Grow

Hi everyone ^^ a lot of my friends been asking me even my family members been asking me how can i manage my work and school in the same time and i decided to type it down here, my blog ^^. Life has been tougher ever since i started studies and more tired as i have to go to work in the morning and attend school in the evening. Doing both is actually quite hard coz I'm flying you see but for my future its worth doing it. I believe that all I'm doing this right now is worth it ^^. But of course sometimes i get a little stressed up and tired and eventually i bloated up like a bloated puffer fish, and start to complain everything to him( the bf). Which is not a very good idea (so don't do that). Finding a way to release stress is the best way of letting all out for me is rather weird coz the only way is crying. =0
This one night i have been crying so badly and complain to him end up we had a fight. i complained to him life here is so stressful that i feel like going home...
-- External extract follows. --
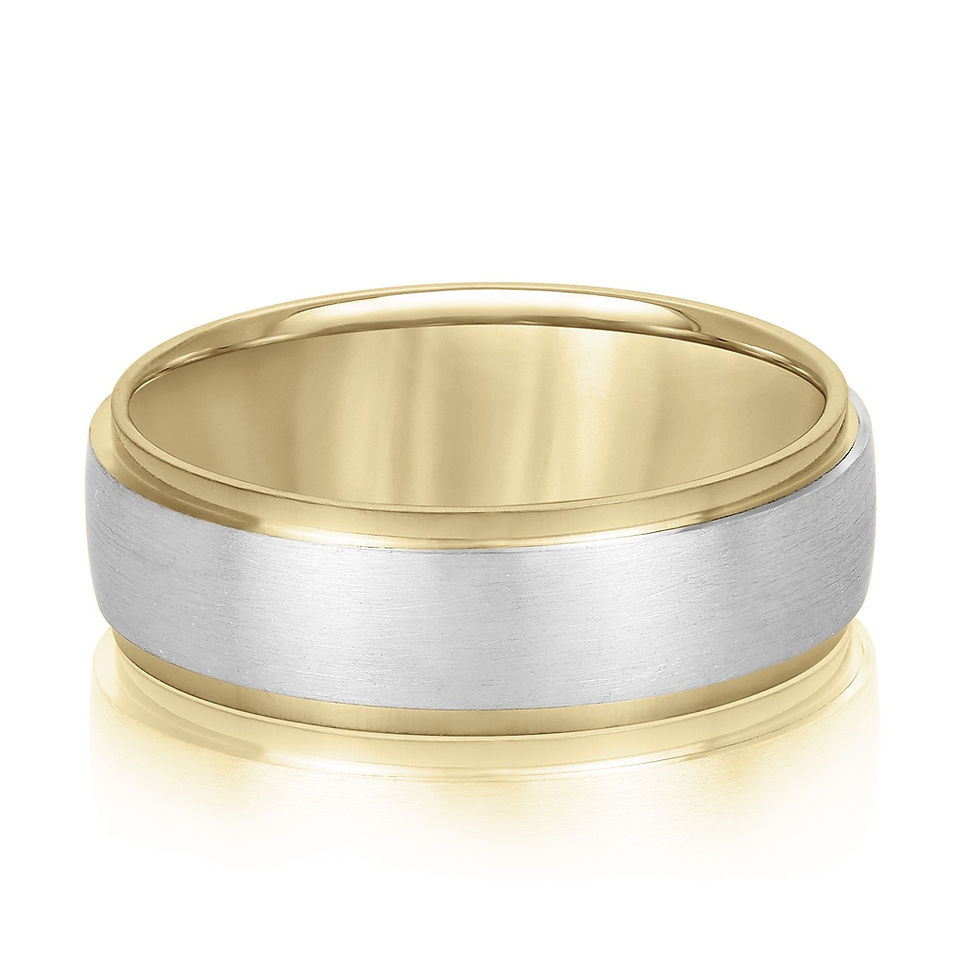 Thumbnail: 14kt Gold Wedding Band.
End up the answer i wanted to hear from him is not the answer i was wishing for. He says " go home if you you feel stress" that sentence break my heart so bad that my heart broke into pieces. in my heart  thinks "how could you say that to me? after all the hard work and you can easily just ask me to go? how could you? all i wanted is just for you to ask me don't go be strong etc" i cried for the whole night after that fight. (till my eyes swell and red) . He is not the type will console me even I'm crying instead he give reasons and advice. Which took a while for me to digest. Girls, you know.
He says "if you are so stress then don't force yourself doing it" . And then i realise actually nobody force me to study nobody force me to stay in SIN. I did all this on my own will. Which is quite stupid of me because i chose this and I'm whining over it. But I'm clear that I'm doing all this for a reason, for my future. Better do it now then its too late.